ASSIGNMENT
Filter the entries beneath this task, copying only the lines that hold the word "fixed".

MATERIAL TO PROCESS
>>>>

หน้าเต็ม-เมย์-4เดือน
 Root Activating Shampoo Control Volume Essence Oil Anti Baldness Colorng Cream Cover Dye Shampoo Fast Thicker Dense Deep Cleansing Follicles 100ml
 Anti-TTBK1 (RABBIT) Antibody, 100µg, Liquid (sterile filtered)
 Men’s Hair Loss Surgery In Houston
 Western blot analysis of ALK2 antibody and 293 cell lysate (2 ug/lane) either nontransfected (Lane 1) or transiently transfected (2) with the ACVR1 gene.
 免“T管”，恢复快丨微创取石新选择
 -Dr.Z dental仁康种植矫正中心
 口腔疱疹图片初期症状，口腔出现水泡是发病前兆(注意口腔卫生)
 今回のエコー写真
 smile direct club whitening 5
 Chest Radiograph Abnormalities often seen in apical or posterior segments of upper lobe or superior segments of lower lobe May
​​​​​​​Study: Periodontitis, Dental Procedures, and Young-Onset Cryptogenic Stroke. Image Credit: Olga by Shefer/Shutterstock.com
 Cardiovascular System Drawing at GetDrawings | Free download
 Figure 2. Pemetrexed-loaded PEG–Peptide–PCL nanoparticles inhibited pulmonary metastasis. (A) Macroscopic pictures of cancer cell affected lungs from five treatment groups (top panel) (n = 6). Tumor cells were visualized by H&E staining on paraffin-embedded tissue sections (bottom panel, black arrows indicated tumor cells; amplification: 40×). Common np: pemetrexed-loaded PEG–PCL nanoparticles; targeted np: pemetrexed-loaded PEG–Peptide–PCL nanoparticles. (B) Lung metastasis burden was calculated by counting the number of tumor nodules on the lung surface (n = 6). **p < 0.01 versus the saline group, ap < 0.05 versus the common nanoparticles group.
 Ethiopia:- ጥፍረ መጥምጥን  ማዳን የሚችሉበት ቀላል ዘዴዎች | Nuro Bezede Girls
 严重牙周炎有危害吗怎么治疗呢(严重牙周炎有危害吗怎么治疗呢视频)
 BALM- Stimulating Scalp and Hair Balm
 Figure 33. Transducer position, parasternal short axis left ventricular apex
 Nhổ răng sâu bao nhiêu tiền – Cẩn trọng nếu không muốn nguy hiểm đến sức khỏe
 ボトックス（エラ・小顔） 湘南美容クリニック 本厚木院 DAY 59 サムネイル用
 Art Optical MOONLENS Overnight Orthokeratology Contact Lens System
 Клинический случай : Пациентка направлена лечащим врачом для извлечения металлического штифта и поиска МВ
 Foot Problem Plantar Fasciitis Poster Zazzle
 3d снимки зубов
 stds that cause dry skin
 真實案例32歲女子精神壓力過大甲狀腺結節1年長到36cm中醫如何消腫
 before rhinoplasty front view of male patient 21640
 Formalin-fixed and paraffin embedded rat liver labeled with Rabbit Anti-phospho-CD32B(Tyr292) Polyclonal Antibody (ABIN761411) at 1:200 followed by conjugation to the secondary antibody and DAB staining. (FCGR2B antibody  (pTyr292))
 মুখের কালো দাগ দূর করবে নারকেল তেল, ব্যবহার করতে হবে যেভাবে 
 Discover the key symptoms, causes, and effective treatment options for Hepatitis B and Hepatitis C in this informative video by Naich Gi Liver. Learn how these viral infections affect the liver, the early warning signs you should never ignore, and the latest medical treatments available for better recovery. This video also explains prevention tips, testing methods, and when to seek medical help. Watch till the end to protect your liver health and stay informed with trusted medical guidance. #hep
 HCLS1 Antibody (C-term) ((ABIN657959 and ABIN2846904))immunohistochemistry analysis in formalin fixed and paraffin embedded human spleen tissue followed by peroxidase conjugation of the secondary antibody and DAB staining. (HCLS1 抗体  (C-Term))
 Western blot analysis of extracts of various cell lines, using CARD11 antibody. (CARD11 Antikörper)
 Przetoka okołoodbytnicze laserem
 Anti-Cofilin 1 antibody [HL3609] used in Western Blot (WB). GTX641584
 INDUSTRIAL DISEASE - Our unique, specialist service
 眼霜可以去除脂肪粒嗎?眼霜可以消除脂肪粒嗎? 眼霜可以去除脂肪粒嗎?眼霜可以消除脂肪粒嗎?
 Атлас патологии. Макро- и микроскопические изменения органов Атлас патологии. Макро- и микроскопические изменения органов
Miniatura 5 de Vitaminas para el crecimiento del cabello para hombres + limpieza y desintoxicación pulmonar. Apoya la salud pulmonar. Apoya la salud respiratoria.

<<<<

WRITTEN SOLUTION
 Formalin-fixed and paraffin embedded rat liver labeled with Rabbit Anti-phospho-CD32B(Tyr292) Polyclonal Antibody (ABIN761411) at 1:200 followed by conjugation to the secondary antibody and DAB staining. (FCGR2B antibody  (pTyr292))
 HCLS1 Antibody (C-term) ((ABIN657959 and ABIN2846904))immunohistochemistry analysis in formalin fixed and paraffin embedded human spleen tissue followed by peroxidase conjugation of the secondary antibody and DAB staining. (HCLS1 抗体  (C-Term))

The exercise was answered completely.